En tant que telle, la victoire du parti au pouvoir ne surprend personne. Dans le sillage de la victoire qui a vu, le 24 mars dernier, Bassirou Diomaye Faye l’emporter dès le premier tour, il était évident que son parti gagnerait les législatives organisées moins d’un an après. Par contre, on ne savait quelle serait l’ampleur de la victoire. Eh bien, il semble qu’elle est très importante. Au point qu’on ne sait pas si le choix de l’ancien président de s’associer à ce scrutin n’y est pas pour quelque chose. Lui qui cristallisait la colère des Sénégalais il y a quelques mois encore a peut-être un peu trop précipité sa volonté de revenir au-devant de la scène. Certaines blessures de la crise préélectorale sénégalaise n’étant pas refermées, en offrant une nouvelle fois ce duel Macky-Sonko n’aura peut-être nécessaire aidé les siens.
Mais ce qui est fait est fait.

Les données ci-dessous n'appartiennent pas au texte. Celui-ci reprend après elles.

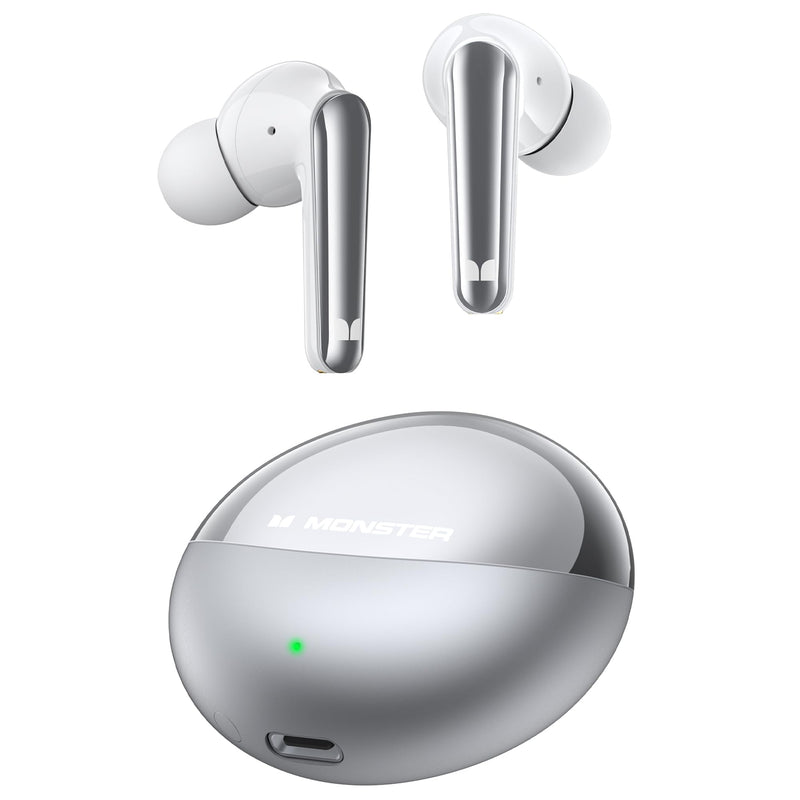 Monster N-Lite 203 AirLinks Wireless Earbuds, Bluetooth 5.3 Headphones HiFi Stereo, Wireless Earphones with 30H Playback, Type-C Charging, HD Clear Call, Touch Control, IPX6 Waterproof in-Ear Earbuds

Les Sénégalais se sont prononcés. Et ils l’ont largement fait en faveur de Ousmane Sonko, de Diomaye Faye et du Pastef. Le parti au pouvoir dont les précédents mois ont été quelque peu torpillés par l’ancienne majorité parlementaire, s’offre à son tour sa majorité. De quoi lui permettre d’appliquer son programme et d’opérer la rupture si chère au premier ministre sénégalais. Un atout sans doute. Mais aussi une responsabilité. Même si les leaders du Pastef auront jusqu’ici fait montre d’intelligence et d’une détermination à honorer leurs engagements, il y a qu’il n’est pas toujours évident de passer des engagements à leur réalisation. Parce qu’entre le projet et la réalité, le fossé peut être très grand. Or, dans le cas du Sénégal, le pouvoir ayant tous les leviers n’aura aucune échappatoire. Prions pour que les choses puissent marcher au profit du Sénégal et des Sénégalais. Mais si les résultats ne sont pas au rendez-vous, à l’heure du bilan, personne d’autre ne devra en porter la responsabilité. C’est cela aussi l’autre sens du vote d’hier au Sénégal.

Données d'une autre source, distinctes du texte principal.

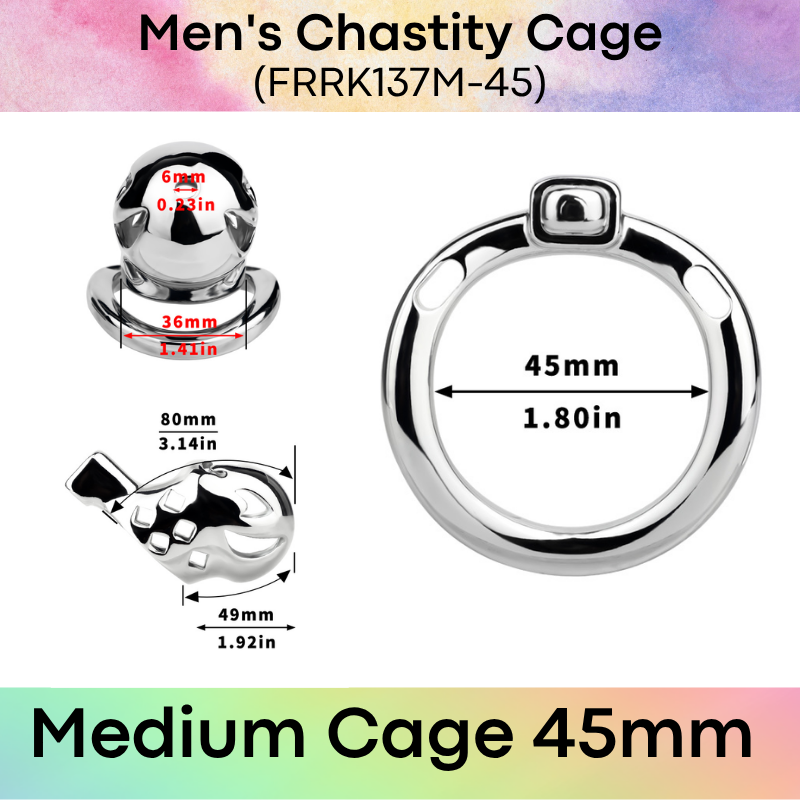 Adult Toy: Men's Aluminum Alloy Clown Chastity Cage (FRRK137)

Saluons de passage la maturité dont les Sénégalais, aussi bien chez les électeurs que chez les leaders, ont fait montre à l’occasion. Après une campagne électorale très tendue, la journée de vote d’hier a été calme. Aucun incident majeur. Un motif de fierté. L’autre attitude qui rassure, c’est cette galanterie et ce fair-play dont certains candidats défaits ont fait montre en félicitant ouvertement les vainqueurs. Après donc une campagne électorale au cours de laquelle certains de ses acteurs s’étaient laissé aller à des discours empreints d’émotion, on ne s’attendait pas forcément en particulier aux félicitations que les candidats Amadou Bah, ancien premier ministre et surtout candidat malheureux à la dernière présidentielle, et Barthelemy Dias, maire de Dakar, félicitent le premier ministre et son parti. Pourtant, ils l’ont fait via notamment des messages publiés sur les réseaux sociaux. Un geste qui, lui aussi, singularise le Sénégal.